Lauren is impatient to leave the
house. She is still angry and resentful but the drearie has the ‘flu and
Coventry is needed to run up and down the stairs; and Lauren cannot go out
without Coventry, can she?

 

Friday
January 8th

Lauren is
demanding
to be
allowed out. Coventry is less loving with the drearie.

 

Saturday
January 9th

Lauren is quarrelling non-stop with
Coventry. They are both worn out. The drearie is still upstairs and is now
complaining of neglect.

 

Sunday
January 10th

Lauren has been screaming ‘Let me
out.
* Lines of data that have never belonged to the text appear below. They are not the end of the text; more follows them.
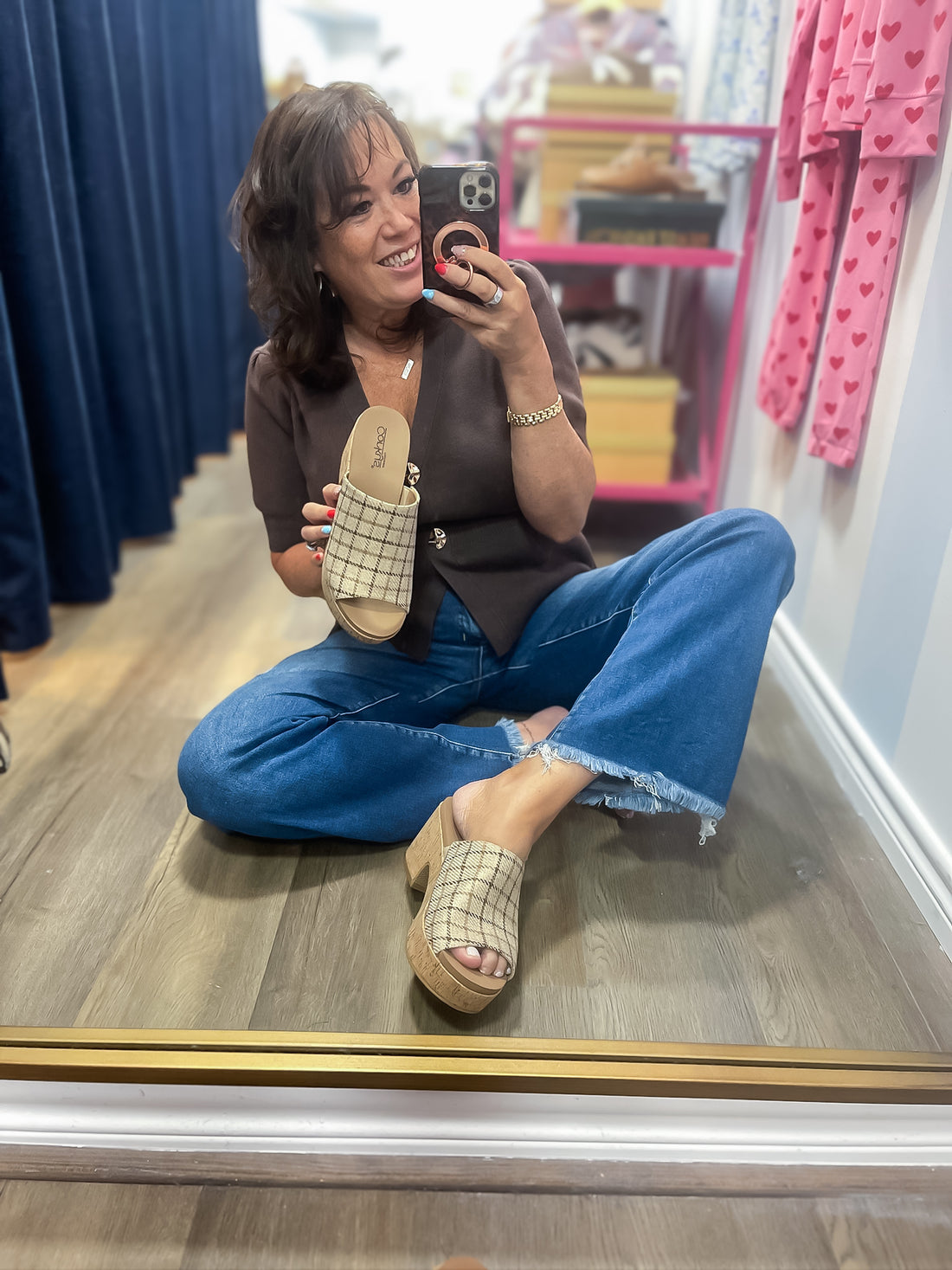 Totally Buggin Camel Plaid Wedges Corkys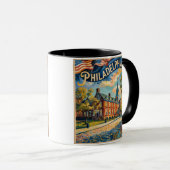 Philadelphia Pennsylvania US Retro Van Gogh Travel マグカップ (正面右)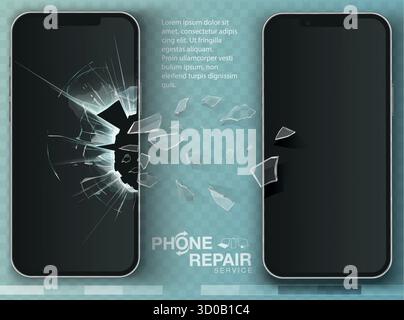 display rotto nel telefono cellulare, servizio di riparazione Illustrazione Vettoriale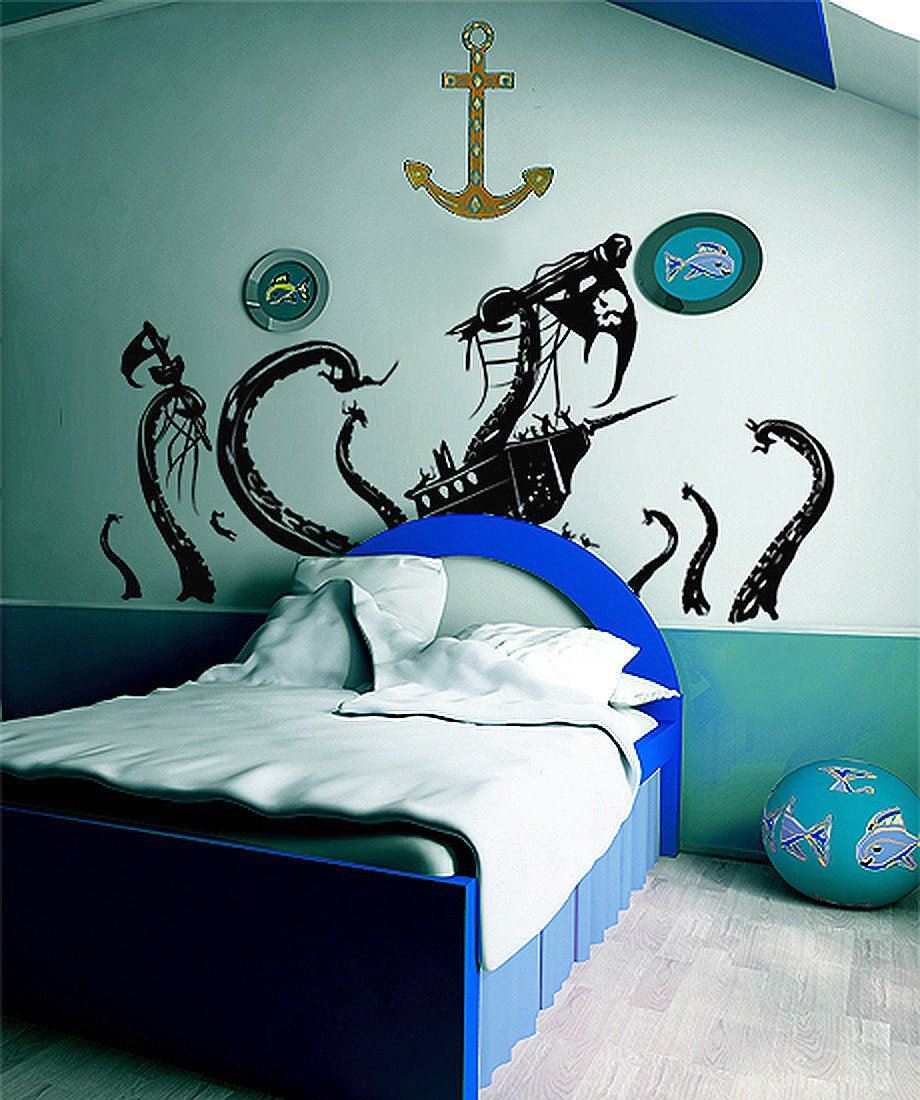Pirate Ships attacked by Kraken Wall Decal Sticker. Beach Nautical Theme Decor.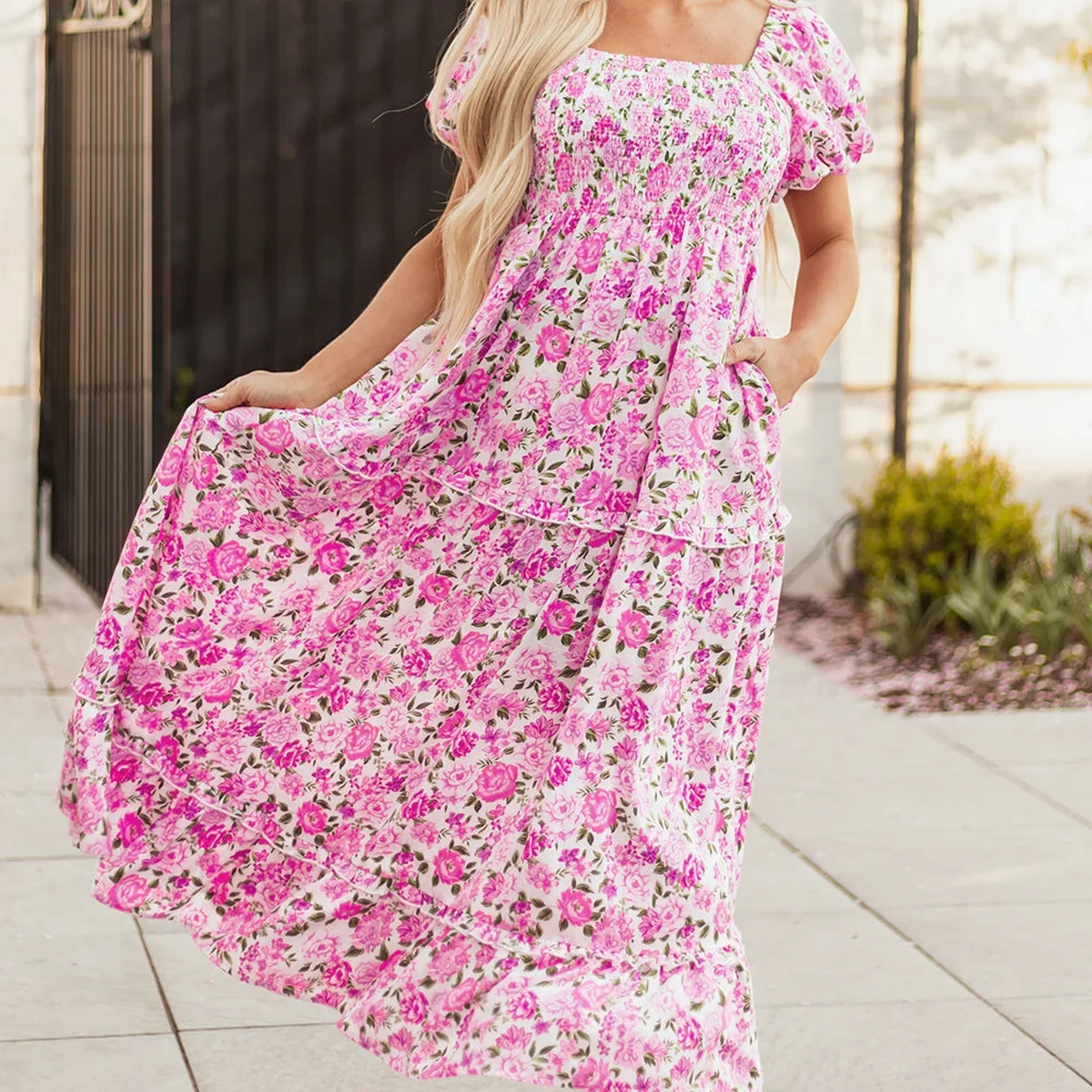 Pink Dainty Floral Smocked Puff Sleeve Flowy Long Dress thumbnail 4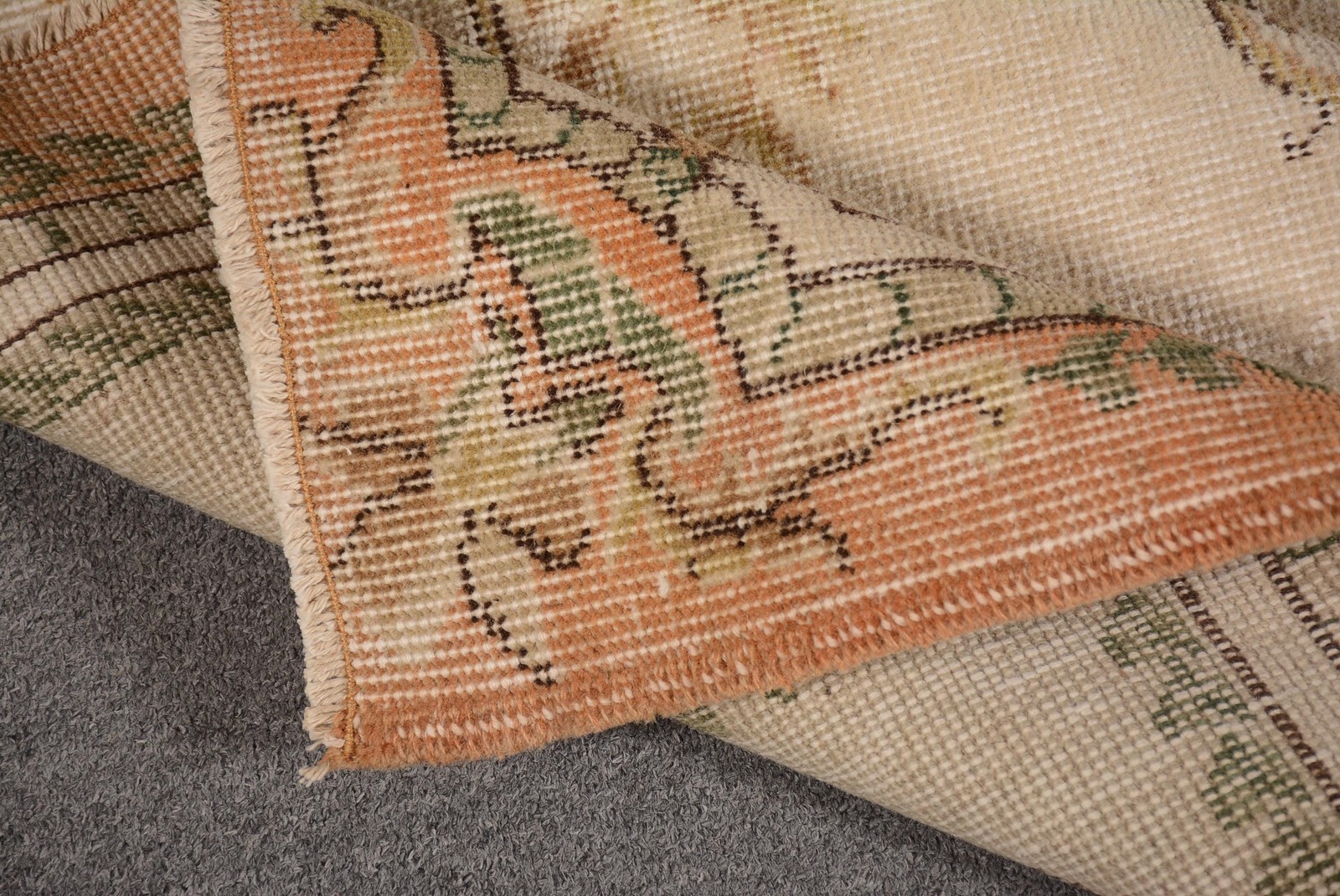 3,9×6,6 ft Turkish Rug, Vintage Area Rug, Brown Green Ikat Rug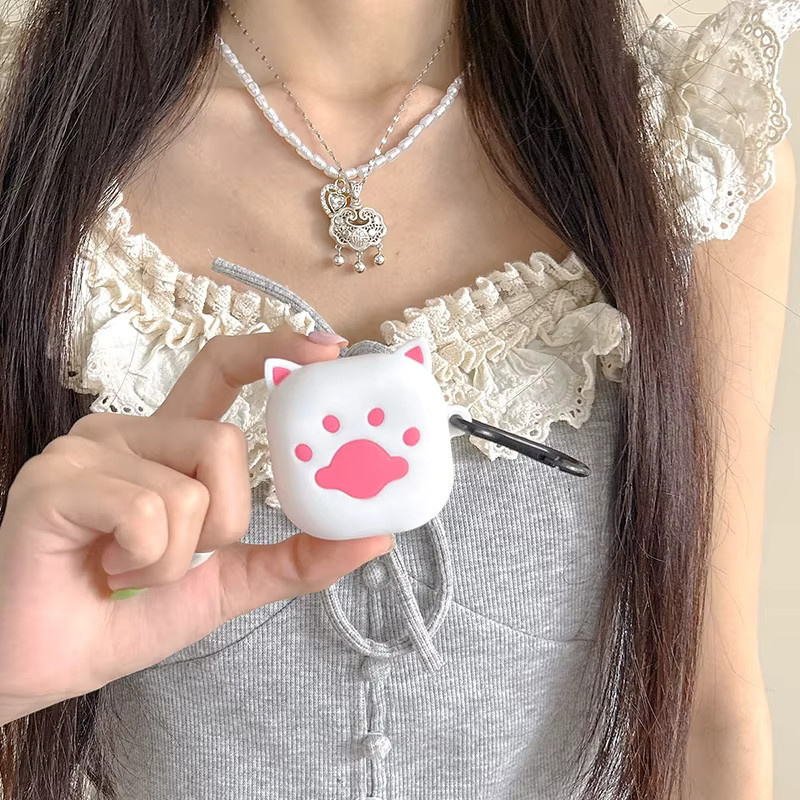 3D Katzenpfoten Silikon-Ohrhörerhülle für Samsung Galaxy Buds 2 Pro, Live Buds FE und Buds 2 Pro Case mit Haken - Bild 2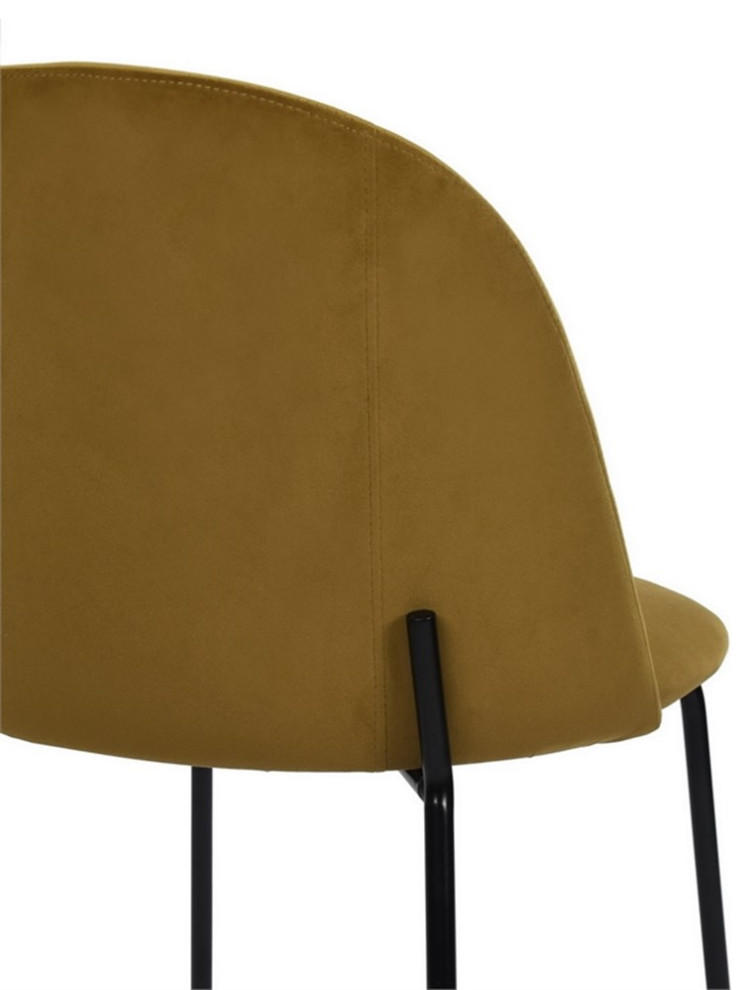 Homycasa Yellow Fabric Dining Chairs (Set of 2)   Midcentury   Dining Chairs   by Homesquare  Houzz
Coventry has spent the day in silence.

 

Monday
January 11th

Lauren went to her first class
today. Her fellow students are a mixture of pensioners, redundant executives
and unemployed young people.

Lauren’s exotic
appearance pleased the class. She was considered to be properly artistic-looking.
Her refusal to remove her sunglasses was taken for temperament. She is already
infatuated with her tutor. His name is Bradford Keynes; he is thin and pale. He
has a very long beard and he doesn’t care about his clothes. Bradford is
passionate about
‘line’.
He made the class draw circular shapes. Lauren’s
shapes managed to look angular. Bradford told her to ‘loosen up’.

 

John
stopped reading his mother’s diary and reached for his own. He looked up the
entries for early January.

John
closed both diaries. He felt betrayed and bereaved. He scrubbed at his eyes,
but couldn’t stop the fat, warm teardrops from dripping down his face. He’d
always thought his mother was a nice woman.

 

 

 

 

 

9
Dying for a Fag

 

The traffic lights had
broken down at the corner by Centre Point, and a policewoman was trying to
control the tangled traffic with elaborate arm wavings and hand waggings and
dips of her solid body. I was impressed by these gesticulations and stopped to
watch her.

Then I
saw that
she
was watching me. Not just watching me, but
noting
me
in the special way that the police force have. When she spoke into her little
radio I panicked and ran across the road and turned into the first side-street.
I didn’t look back but as I ran, I imagined that I was being pursued by patrol
cars and uniformed officers of the law. I thought it was only a matter of
minutes before helicopters with searchlights began swooping over my head.

When I
could no longer run I walked, and when walking became impossible I sat down on
the steps of the Chest, Heart and Stroke Association to recover. I was in a
place called Tavistock Square. Another square. How many more were there?

I
counted five cigarette ends on the pavement at the foot of the steps. Perhaps
smoking wasn’t allowed in the Chest, Heart and Stroke offices. One cigarette
had only just been lit before being discarded. Fastidious though I am, I picked
it up and held it familiarly between my fingers.

I
waited for a woman smoker to appear and asked her for a light. She was old and
fat and well dressed, in a scarlet coat and a Paisley shawl.